Download: Timely Alarm Clock (Free)
Jerry Hildenbrand - Udacity - Learn Programming
Learning some basic programming skills is something I think everyone should do. The issue is that it's never easy to find time and a place to sit and learn. That's changing, and apps like Udacity - Learn Programming are a really great way to get started. You can learn from a huge library of subjects at your own pace, in the comfort of your own home. You don't have to stop at the basics, either. Udacity offers courses at the beginner level and for advanced topics. The app is great, and chances are you'll learn something. That's the perfect mix in my book.
Download: Udacity - Learn Programming (Free)
Ara Wagoner - Google Keep
Google Keep is one of my constants, especially now as I try to juggle my new gig here at Android Central with my current commitments. I can put quick notes in for current or upcoming posts, and I use the colors to keep AC material from Google+ musings from my creative writing releases. Keep is my cross-platform copypasta engine. I can use it for quick info I need to transfer from phone to computer and back. And then there's my many lists. Grocery lists, packing lists, writing lists.
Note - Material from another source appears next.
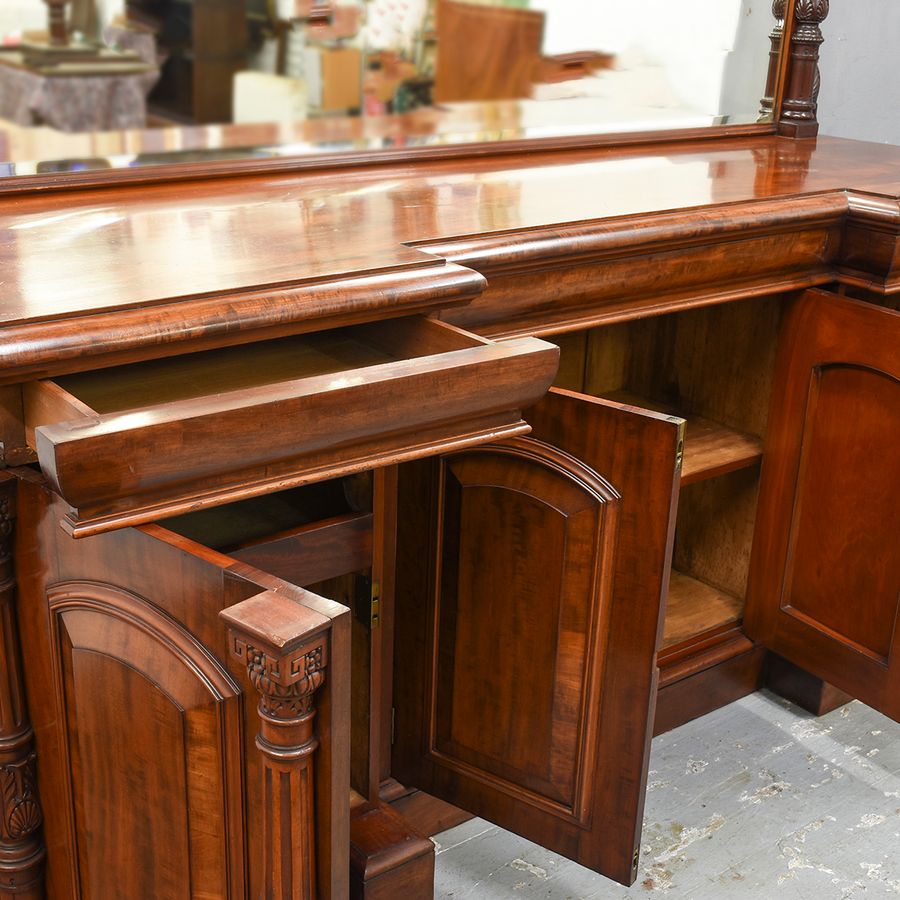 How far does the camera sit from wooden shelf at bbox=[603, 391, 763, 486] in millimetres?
1969

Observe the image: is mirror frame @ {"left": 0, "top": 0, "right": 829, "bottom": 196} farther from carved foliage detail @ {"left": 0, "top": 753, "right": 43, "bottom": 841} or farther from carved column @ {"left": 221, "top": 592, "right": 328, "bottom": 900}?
carved column @ {"left": 221, "top": 592, "right": 328, "bottom": 900}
Keep keeps me focused and pushing ahead. I'm especially looking forward to seeing it on the Moto 360 I intend to buy the second it is eventually released.
Download: Keep (Free)
Richard Devine - Microsoft OneNote
I don't use much that Microsoft makes, but I use the heck out of OneNote. I haven't yet found a cross-platform note taking app that I think is better. Be it quick notes, more detailed texts with attachments or even handwriting, OneNote caters for everything I could possibly want. And it works great across Android, iOS, Mac and Windows. Create your own notebooks in the mobile app or use existing ones. You need to have a Microsoft account, but it's worth it for this.
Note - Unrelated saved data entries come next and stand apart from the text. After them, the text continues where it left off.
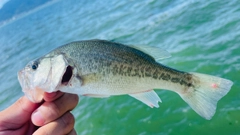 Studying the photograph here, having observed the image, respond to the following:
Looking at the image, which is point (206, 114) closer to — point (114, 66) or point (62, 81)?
point (114, 66)

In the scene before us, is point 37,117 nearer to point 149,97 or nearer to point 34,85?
point 34,85

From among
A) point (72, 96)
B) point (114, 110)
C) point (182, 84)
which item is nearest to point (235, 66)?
point (114, 110)

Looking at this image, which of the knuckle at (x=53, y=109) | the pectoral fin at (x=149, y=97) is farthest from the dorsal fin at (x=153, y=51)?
the knuckle at (x=53, y=109)

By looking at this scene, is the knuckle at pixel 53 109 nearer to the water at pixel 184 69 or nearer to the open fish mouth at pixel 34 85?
the open fish mouth at pixel 34 85

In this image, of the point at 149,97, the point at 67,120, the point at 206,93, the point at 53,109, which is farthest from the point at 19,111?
the point at 206,93

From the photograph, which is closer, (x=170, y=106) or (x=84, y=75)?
(x=84, y=75)

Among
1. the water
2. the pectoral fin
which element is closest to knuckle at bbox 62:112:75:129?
the pectoral fin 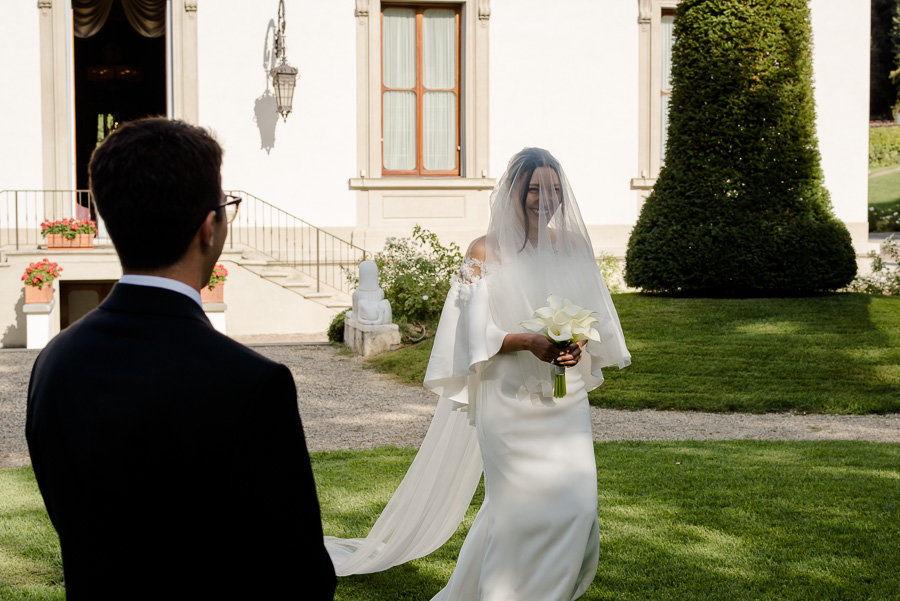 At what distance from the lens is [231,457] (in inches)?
51.1

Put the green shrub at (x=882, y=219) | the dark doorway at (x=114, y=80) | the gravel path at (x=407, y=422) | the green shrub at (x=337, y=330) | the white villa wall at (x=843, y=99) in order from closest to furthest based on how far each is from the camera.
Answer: the gravel path at (x=407, y=422) → the green shrub at (x=337, y=330) → the white villa wall at (x=843, y=99) → the dark doorway at (x=114, y=80) → the green shrub at (x=882, y=219)

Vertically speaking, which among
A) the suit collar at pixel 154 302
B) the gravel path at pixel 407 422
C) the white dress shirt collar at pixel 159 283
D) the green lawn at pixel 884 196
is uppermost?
the green lawn at pixel 884 196

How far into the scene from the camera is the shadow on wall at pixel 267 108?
1412 cm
Microsoft recently opened up a beta program for the Android app and if you're a heavy user I recommend it. The community is starting to provide good feedback and hopefully it'll help Microsoft to make a great app even better.
Download: Microsoft OneNote (Free)
Andrew Martonik - Amtrak
I hadn't ever taken a trip on Amtrak before I started planning a trip a few weeks ago and decided on taking the "scenic" route on the train. It turns out that the Amtrak app is actually a really great tool for researching and booking travel on Amtrak, with every feature you'd need and nothing that makes you run to the full website for a better experience. You can search routes, save your favorite stations, get information of all sorts and most importantly book and hold your tickets within the app.
Not everyone will use Amtrak on a regular basis, but if you do, this app will be one to keep installed on your phone.